AVC: When you were reading about the song online, did you come across how it used to be called, “Come By Here”? And at some point, it got changed to “Kumbaya” as an attempt to “Africanize” the song?
AK: Yeah. This preacher claimed to have written it, yet there were recordings of it 20 years before he claimed to have written it. I can’t remember the names of the people involved, but maybe it represents a sort of disillusionment with religion that many people go through as they progress to adulthood from childhood.
AVC: It also seems like this concept of, “Oh there’s this African mysticism and here’s this ‘African’ word that we use.”
AK: Totally! It’s a very 19th-century concept isn’t it, the idea of the noble savage? I guess it came forward in 20th-century literature as well, where there’s this brave new world, but the guy who comes into the brave new world needs the noble savage. It’s so patronizing. To take somebody’s language and simplify it on our behalf is pretty repugnant.
AVC: Nobody in Africa has ever said “Kumbaya,” unless they’re singing the song.
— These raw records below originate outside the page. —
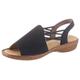 Sandale RIEKER Gr. 37, blau (nachtblau) Damen Schuhe Damenschuh Riemchensandale Sandale Sommerschuh Sportliche Sandalen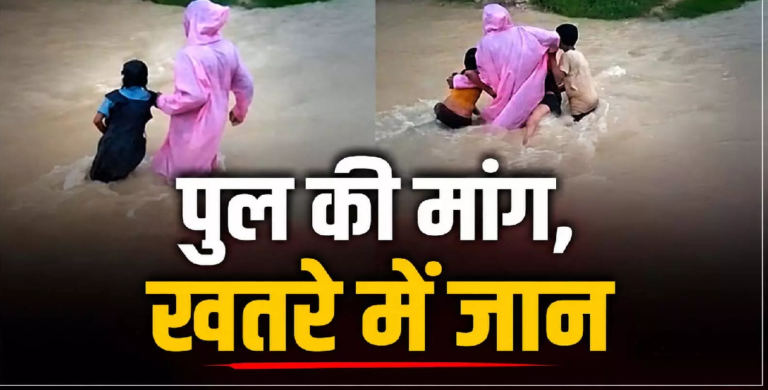 CG : पुल की मांग, खतरे में जान! बच्चे जान हथेली पर रखकर पहुंच रहे स्कूल …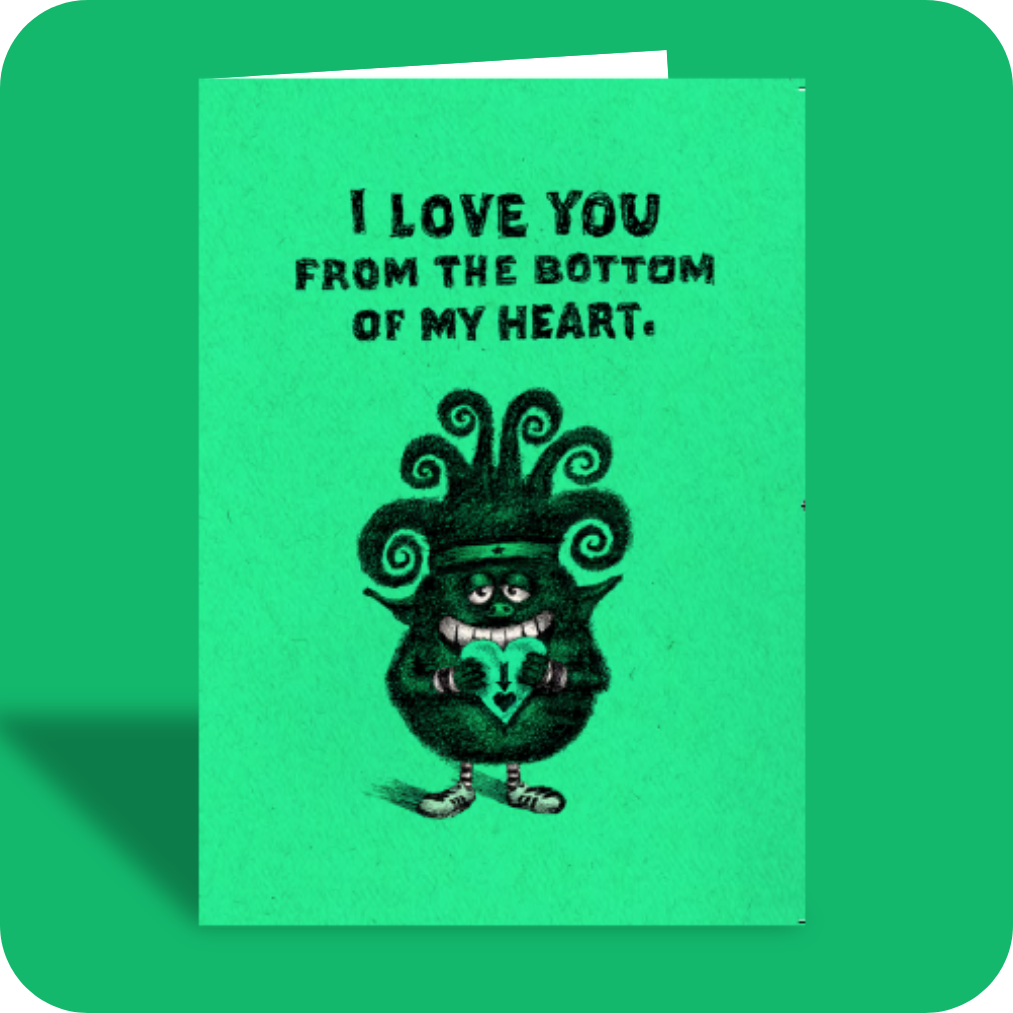 Love Card - Bottom of Heart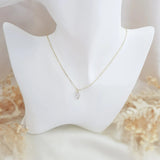 Bridal Necklace, Vintage Style Necklace, Crystal Necklace, Gold Minimalist Necklace, Wedding Necklace, Bridesmaid Gift, Bridal Jewellery - House of Hats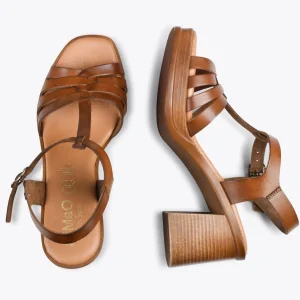 Sandalias De Tacón<miMaO Creta – Sandalia Cangrejera En "T" Marron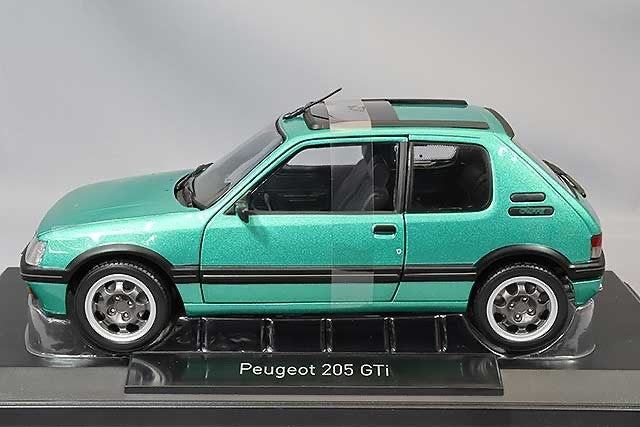 Norev NO184847 1/18 Peugeot 205 GTI Griffe 1991 Green Diecast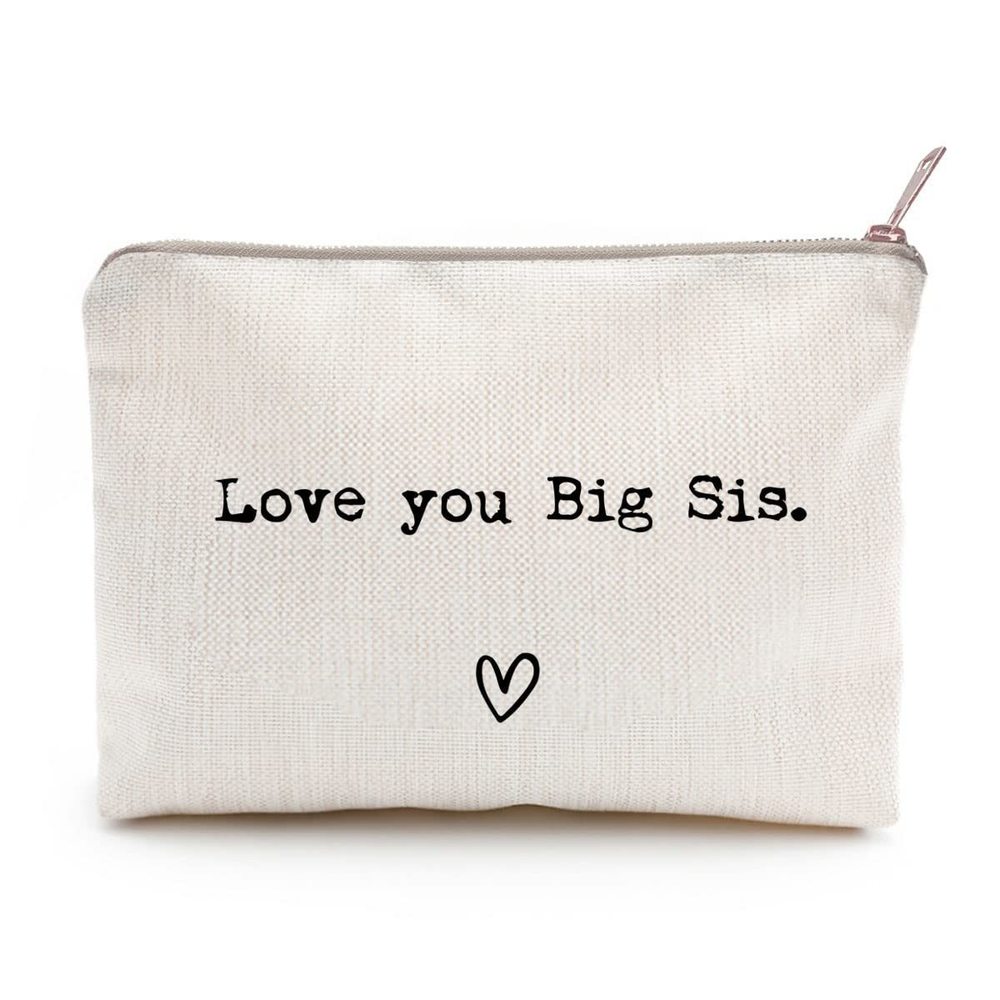Love You Big Sister, Big Sister Gift, Missing You, Send Love, Makeup Case,🐱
AK: Maybe this something you find quite often in religion as well, but it’s a way of reinforcing your own sense of superiority that is pretty unappealing.
AVC: You’re the first person to pick a standard or spiritual for Hatesong, so congratulations. It’s hard to believe no one’s chosen “Happy Birthday” yet.
AK: I can’t stand that song! Whenever I have a birthday, I always request that it isn’t sung. Is there any good song about a birthday? Maybe the band The Birthday Party counts. I’d rather listen to the song “Release The Bats” by The Birthday Party. That’s probably a better way to celebrate.
Do you think people hate the birthday song because you hear it too much as a child?
AVC: It could be that, but it’s also a little anticlimactic. There’s never any passion behind it. It just seems obligatory and sad.
AK: You feel obliged to sing it. That’s true and it’s weird isn’t it? A song like “Happy Birthday” is so celebratory, and there’s very little joy in the celebration of the music itself.
AVC: You could say that’s what’s happened to “Kumbaya” as well. Since it was originally a spiritual, there’s supposed to be this deeper meaning in it, but because you hear it so many times when you’re young, like when you’re learning to play the guitar or whatever, all the meaning got sucked right out.
AK: I don’t know enough about the history of the song and I don’t want to comment on what the original meaning might have been. I only know my experience of it and how I run into it and the emotions that it triggered in me and, for all I know, it could have been a very powerful song back in the 19th century.